Task goal:
The required output is the line containing "en invierno 🏊" and every line after it, transcribed exactly through the end of the data below.

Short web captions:
◇ ◇ ◇ ◇ ◇

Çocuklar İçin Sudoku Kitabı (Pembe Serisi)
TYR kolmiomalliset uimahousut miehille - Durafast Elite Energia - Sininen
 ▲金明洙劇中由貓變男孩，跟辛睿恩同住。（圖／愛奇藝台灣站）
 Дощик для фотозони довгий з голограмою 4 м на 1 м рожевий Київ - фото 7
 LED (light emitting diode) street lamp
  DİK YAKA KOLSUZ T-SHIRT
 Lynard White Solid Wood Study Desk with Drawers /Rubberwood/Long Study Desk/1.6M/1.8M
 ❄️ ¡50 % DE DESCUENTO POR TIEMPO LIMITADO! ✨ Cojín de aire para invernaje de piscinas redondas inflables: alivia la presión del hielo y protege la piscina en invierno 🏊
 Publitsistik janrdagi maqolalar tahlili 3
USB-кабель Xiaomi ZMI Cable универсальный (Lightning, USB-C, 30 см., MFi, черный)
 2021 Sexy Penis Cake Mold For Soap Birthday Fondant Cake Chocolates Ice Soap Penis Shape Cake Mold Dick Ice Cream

◇ ◇ ◇ ◇ ◇

Response below:
 ❄️ ¡50 % DE DESCUENTO POR TIEMPO LIMITADO! ✨ Cojín de aire para invernaje de piscinas redondas inflables: alivia la presión del hielo y protege la piscina en invierno 🏊
 Publitsistik janrdagi maqolalar tahlili 3
USB-кабель Xiaomi ZMI Cable универсальный (Lightning, USB-C, 30 см., MFi, черный)
 2021 Sexy Penis Cake Mold For Soap Birthday Fondant Cake Chocolates Ice Soap Penis Shape Cake Mold Dick Ice Cream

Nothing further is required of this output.